- Work to complete
Once the line with "New 2024 Genesis GV60 RWD image 20" is found, repeat it and all later lines exactly through the end of the listing below, with the pictures left out.

- Data records
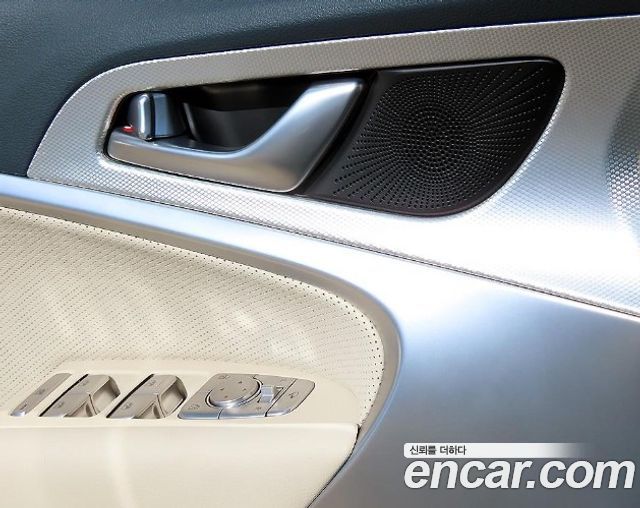 Genesis G70 Gasoline 2.5T 4WD 2024 — фото 18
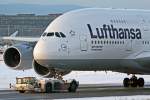 A 380-800/111173/ein-airbus-380-800-der-lufthansa-aufgenommen Ein Airbus 380-800 der Lufthansa aufgenommen bei schnem Winterwetter in Frankfurt am 17.12.2010. Reg: D-AIMA.
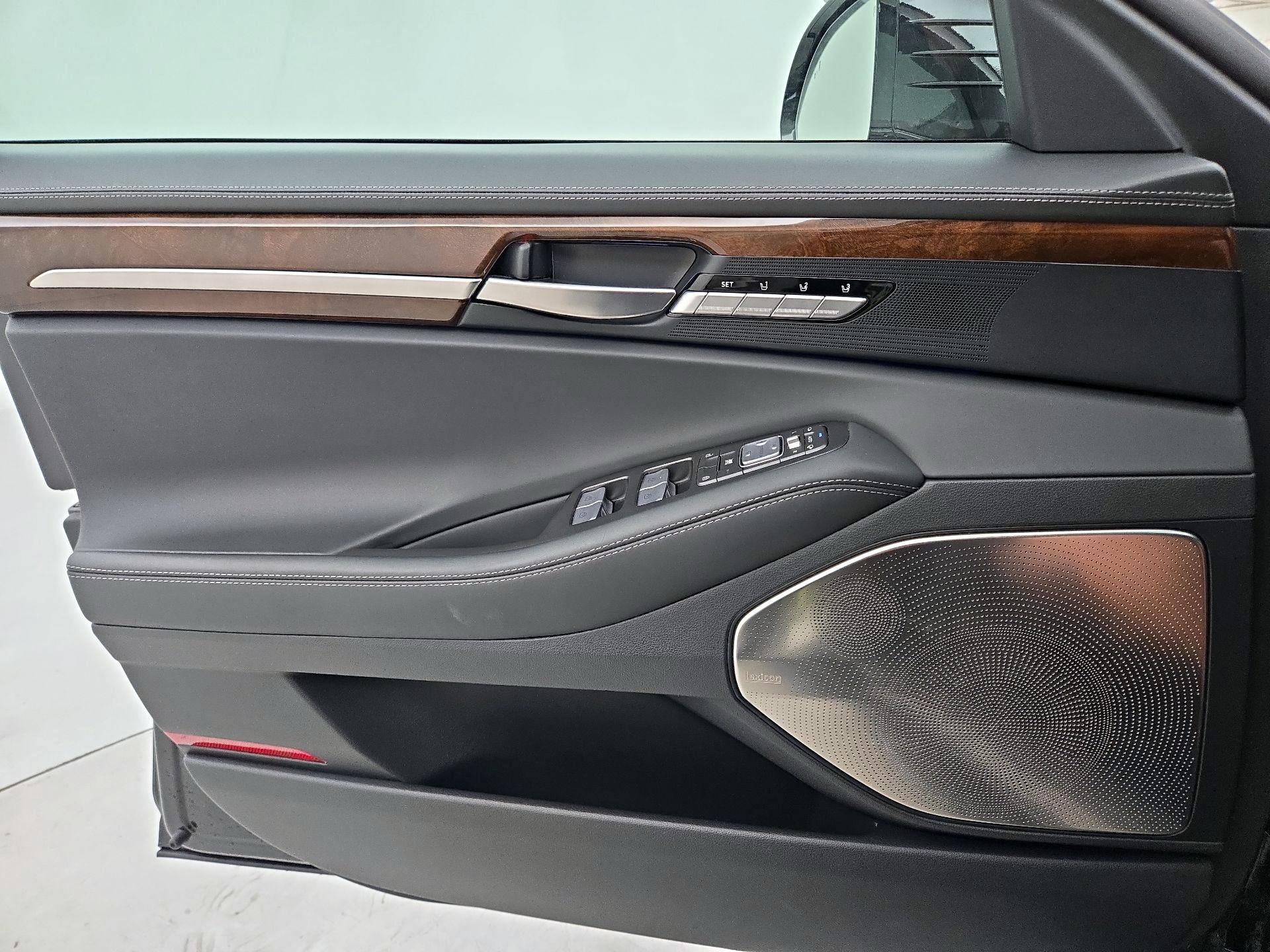 Thumbnail: 2019 Genesis G90 - 12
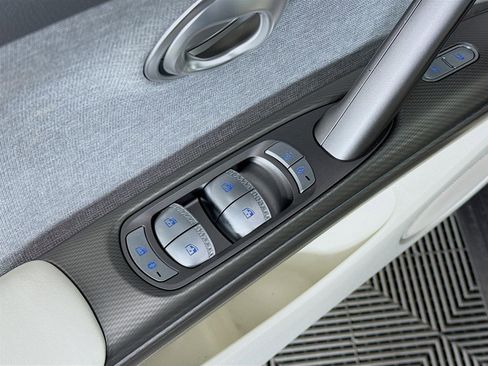 New 2024 Genesis GV60 RWD image 20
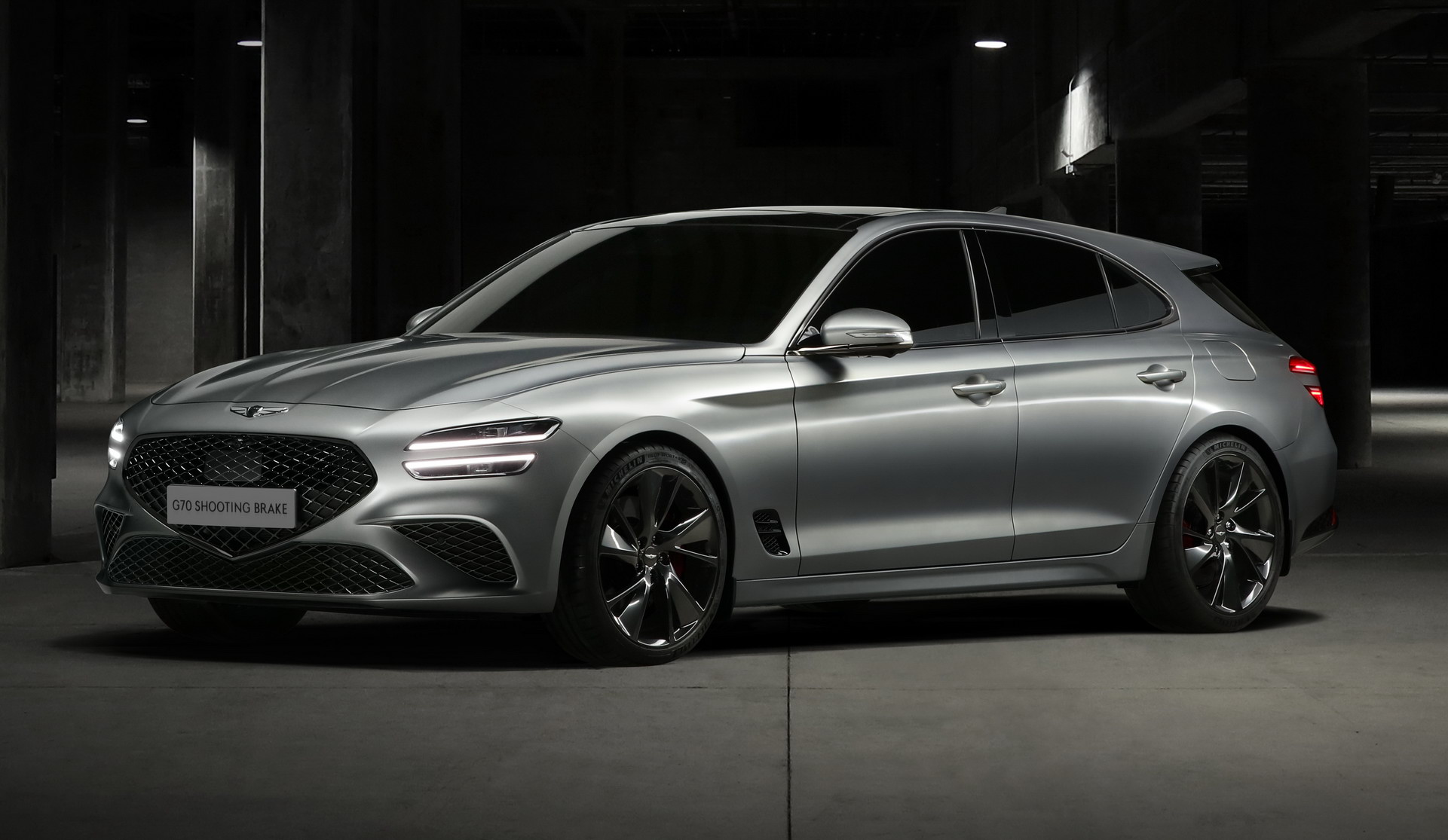 Download 2022 Genesis G70 Shooting Brake - Front Three-Quarter HD Wallpaper 1921x1115 #120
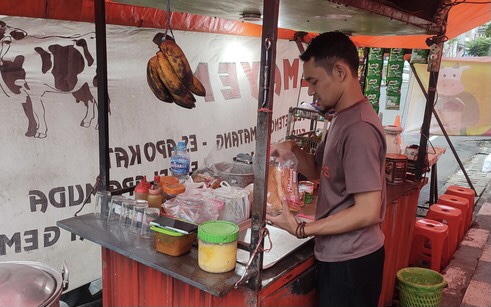 Viral Video Curhatan Pembeli Indomie di Semarang Seharga Rp 41 Ribu, Ini Kata Pemilik Warung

- Exercise answer
 New 2024 Genesis GV60 RWD image 20
 Download 2022 Genesis G70 Shooting Brake - Front Three-Quarter HD Wallpaper 1921x1115 #120
 Viral Video Curhatan Pembeli Indomie di Semarang Seharga Rp 41 Ribu, Ini Kata Pemilik Warung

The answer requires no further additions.